Affects Version/s: 3.5.9, 3.5.3, 3.6.3, 3.6.2
Fix Version/s: None
I believe this bug was originally reported as
ZOOKEEPER-2966 but that was closed as not reproducible in February 2019. I left a comment with these details on that issue in December. I can create a PR with a fix at some point this week.
In ZooKeeper 3.6.2, in the context of the SolrJ client, we hit the NPE reported on
ZOOKEEPER-2966 when a DNS error causes an exception after the SolrZkClient trys to connect to ZooKeeper, but then immediately calls close on the ClientCnxn https://github.com/apache/solr/blob/releases/lucene-solr%2F8.7.0/solr/solrj/src/java/org/apache/solr/common/cloud/SolrZkClient.java#L158-L204.

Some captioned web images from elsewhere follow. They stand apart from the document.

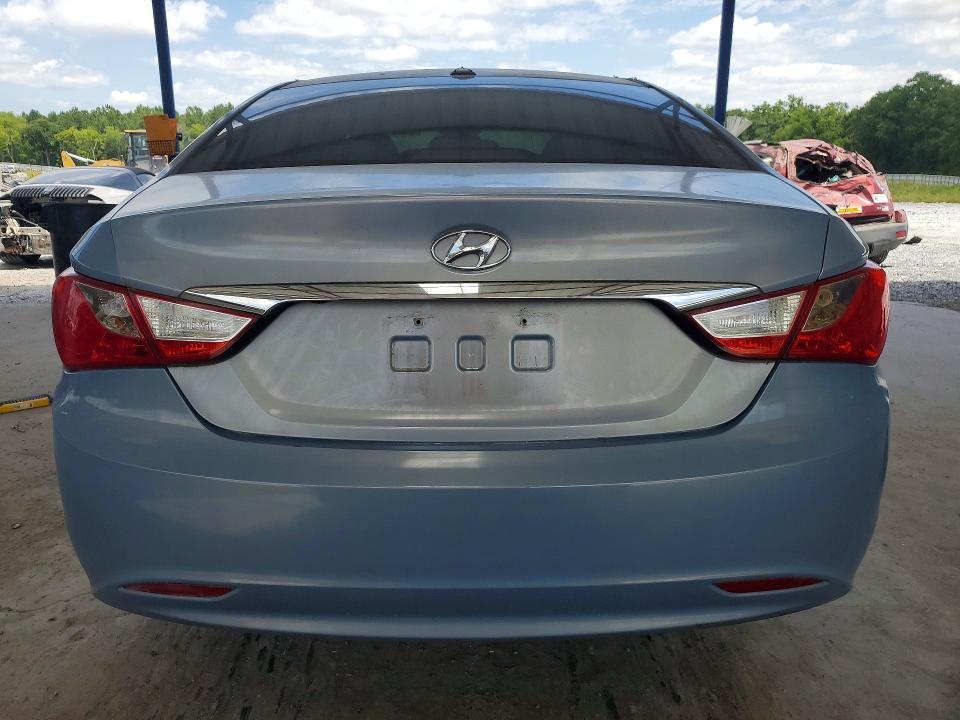 Продаж на аукціоні авто 2011 Hyundai Sonata, vin: 5NPEB4AC4BH275201, номер лоту: 58911236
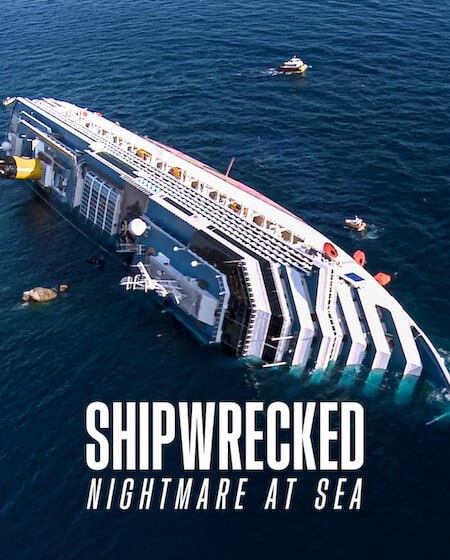 مشاهدة شاهد اونلاين فيلم Shipwrecked Nightmare at Sea 2026 مترجم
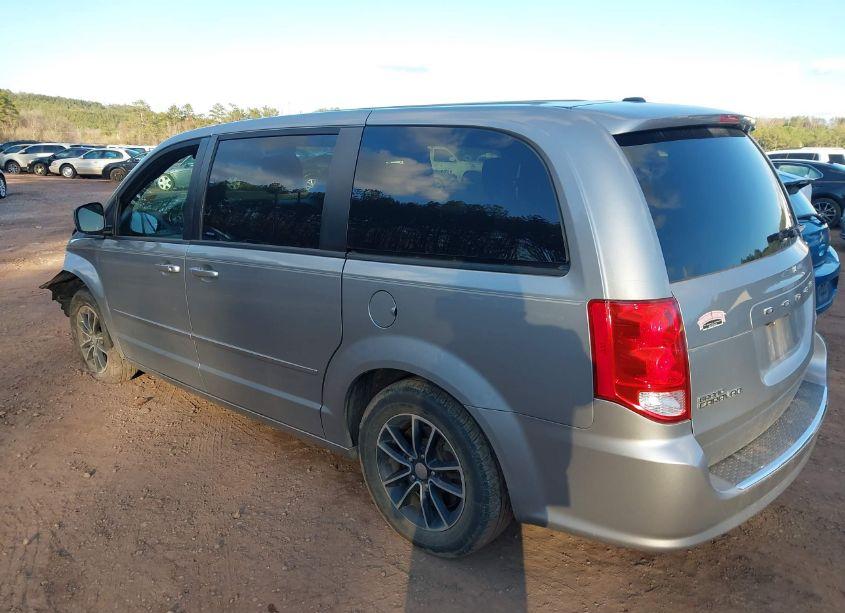 Photo 3 of 2015 Dodge Grand CARAVAN R/T (VIN 2C4RDGEG6FR591542)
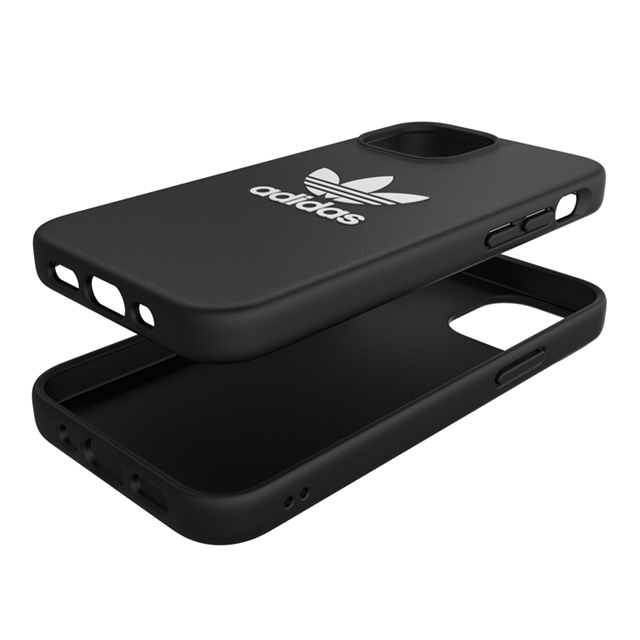 【iPhone13 mini ケース】Moulded Case BASIC FW21 (Black/White)サブ画像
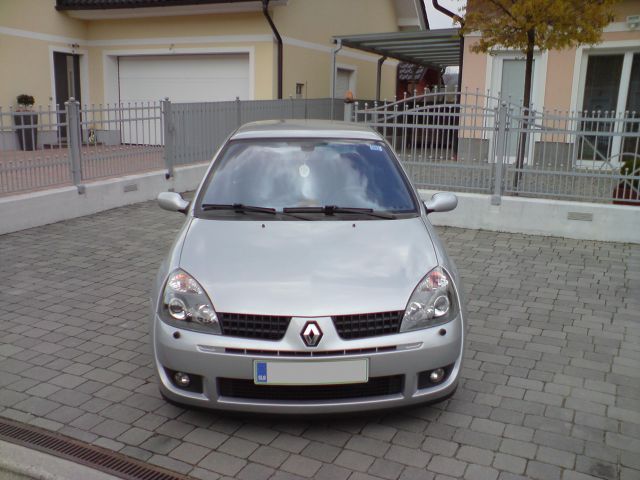 Clio RS - foto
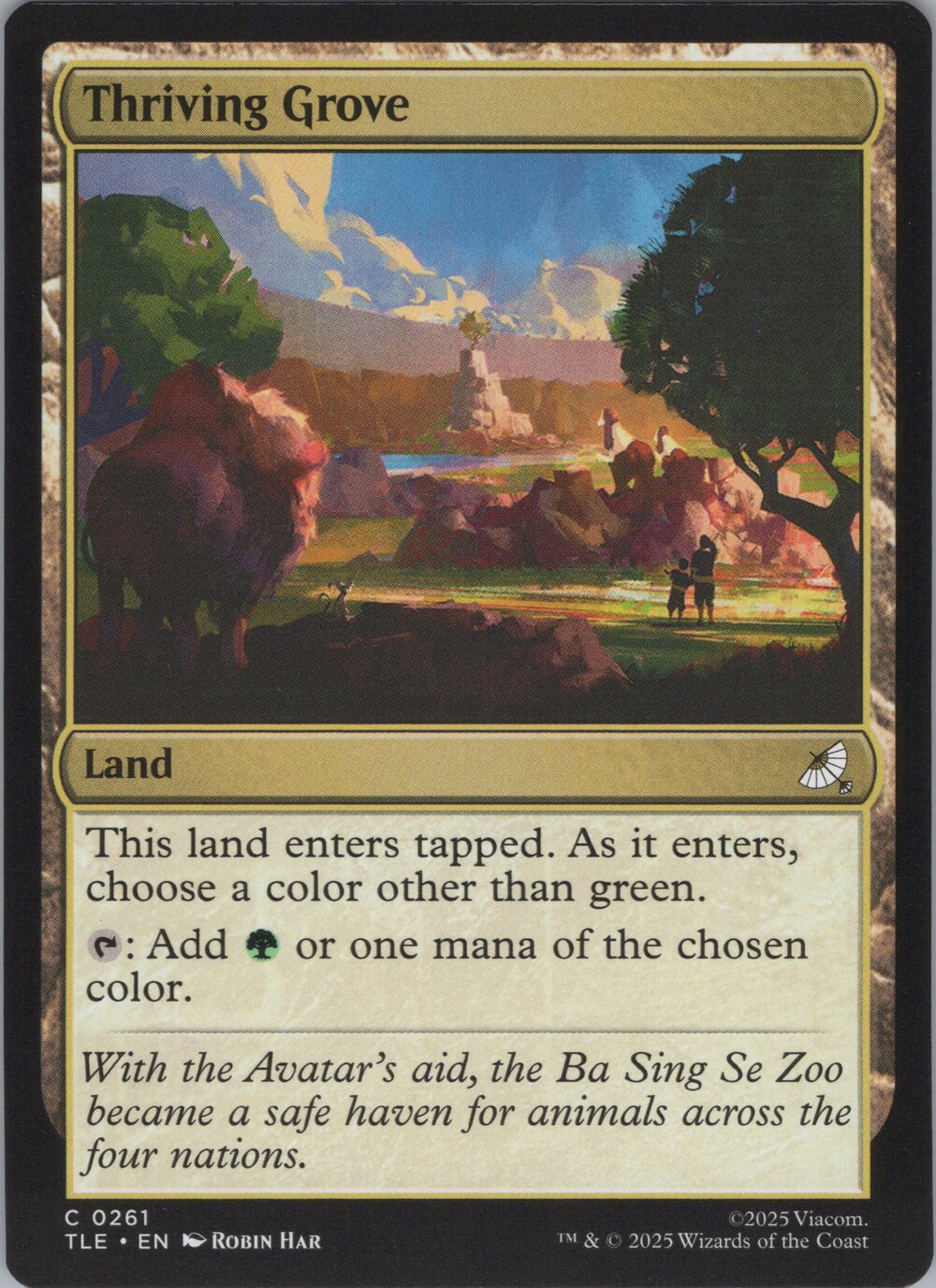Thriving Grove
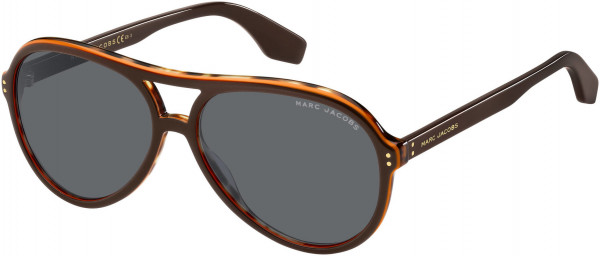 Marc Jacobs MARC 392/S Sunglasses, 009Q Brown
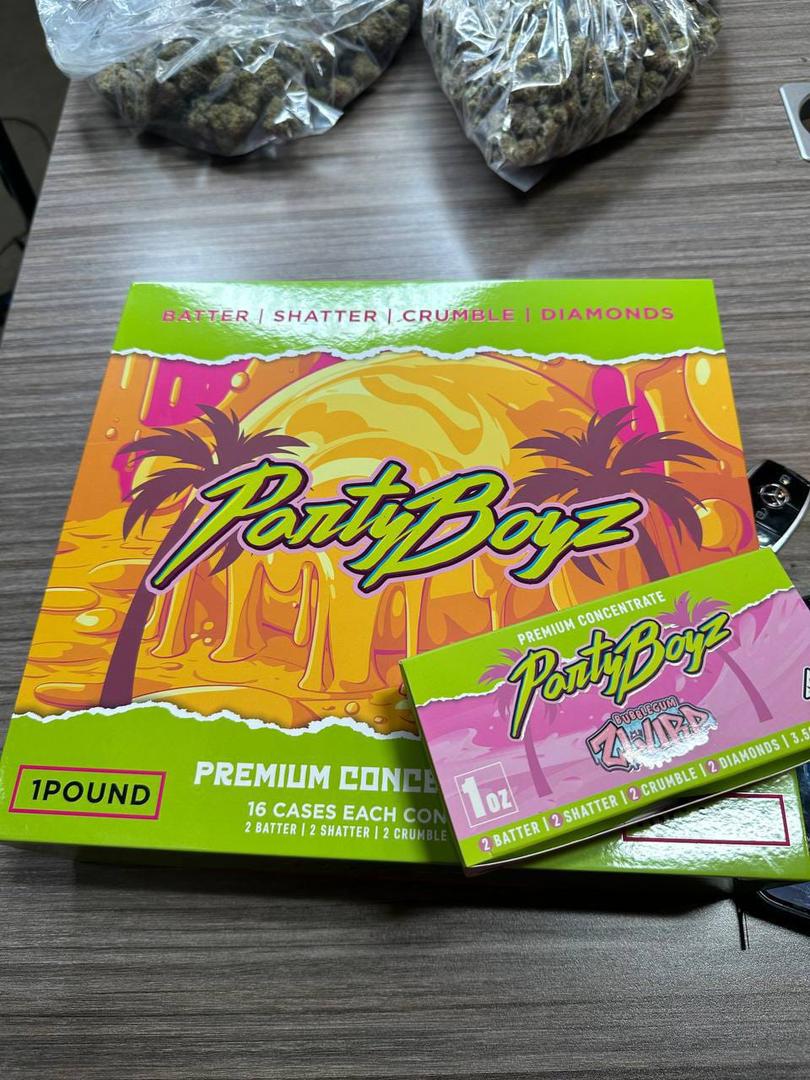 Party Boyz Wax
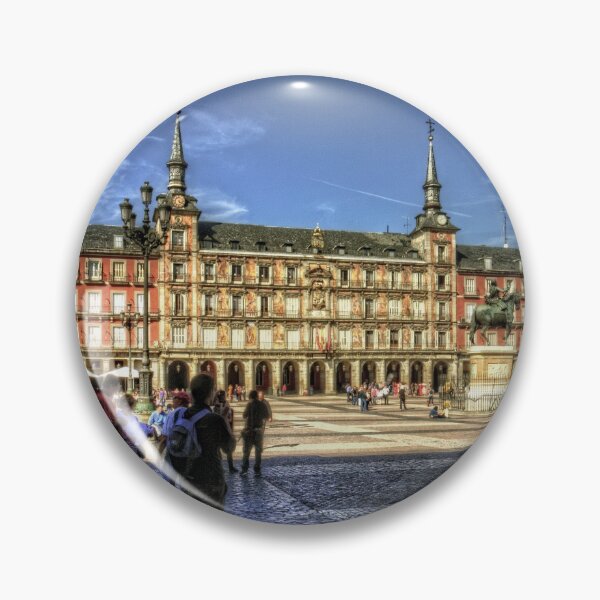 Item preview, The place to be in Madrid designed and sold by tomg.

This happens if the ClientCnxnSocketNetty's onClosing() is called before connect(...) (or if connect isn't called at all) because the firstConnect CountDownLatch is only initialized in connect(...).
A null check in onClosing() will fix it, but I don't know if there's any greater change required, e.g. some synchronization around connect and onClosing.
The code in 3.5.3 looks very similar, it looks like it's been present since the initial commit of ClientCnxnSocketNetty.